Грек напомнил о том, что ничтожное изменение первооснов может быть чревато новыми путями развития культур, новыми войнами и жертвами, даже не спрашивая, способен ли Артур совершить такое усилие, сравнимое разве что с попыткой статуи сдвинуть брови. Но он, по всей видимости, не знал, что необходимая для этого поглощенность задачей, даже сравнимая с пресловутым горчичным зерном, приводит ныне лишь к короткому шороху песчинок, скользнувших по крыльям мраморного носа.

Мысль о тщетности любых усилий была знакомой, хотя в этот раз давила тяжелее, чем обычно. Гость заставил еще раз спросить себя, зачем он облекает свою глубоко житейскую нужду в эпическую форму, давно служащую людям совершенно для иных целей. И неохота отвечать была ответом катастрофическим. Для смутной задачи, которую Артур пытался разрешить, ни новая версия мифа, ни увлекательное повествование были не нужны.

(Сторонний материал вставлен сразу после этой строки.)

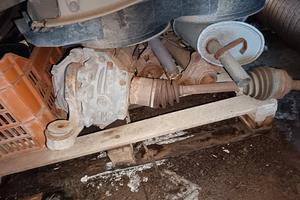 Ricambi Kia Sorrento differenziale motorino aria c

Он вернулся к книгам, чтобы поискать, не упустил ли чего, и вновь задержался на элевсинских таинствах; на тех секретных священнодействиях, совершавшихся в предместье Афин в честь Деметры, Коры и Диониса, без которых непосвященному никак нельзя было спускаться в Аид, если он собирался вернуться к живым; на тех жутких, неприличных, лишающих рассудка, но и просветляющих его в чем-то таинствах, за разглашение которых грозила смертная казнь. Общеизвестный смысл мистерии состоял в страстях богини плодородия и земледелия Деметры, чью дочь, деву Кору, похитил властелин подземного царства Аид, сделав под новым именем Персефоны своею женой и совластительницей. Конечное, завоеванное страданием и бунтом богини-матери торжество выразилось только в том, что треть года Персефоне разрешалось проводить с нею на земле. Но где-то в средоточии отчаяния, на полпути к царству мертвых образы матери и девы начинали совмещаться с другой жертвой — растерзанным и возрожденным богом производящих сил Дионисом, сыном Зевса и Деметры, как и сама Кора. Безумие и неистовство, связанное с его культом, одно только и могло, кажется, открыть человеку дверь к этим тайнам, дать ему возможность в литургическом прозрении переступать порог между двумя мирами.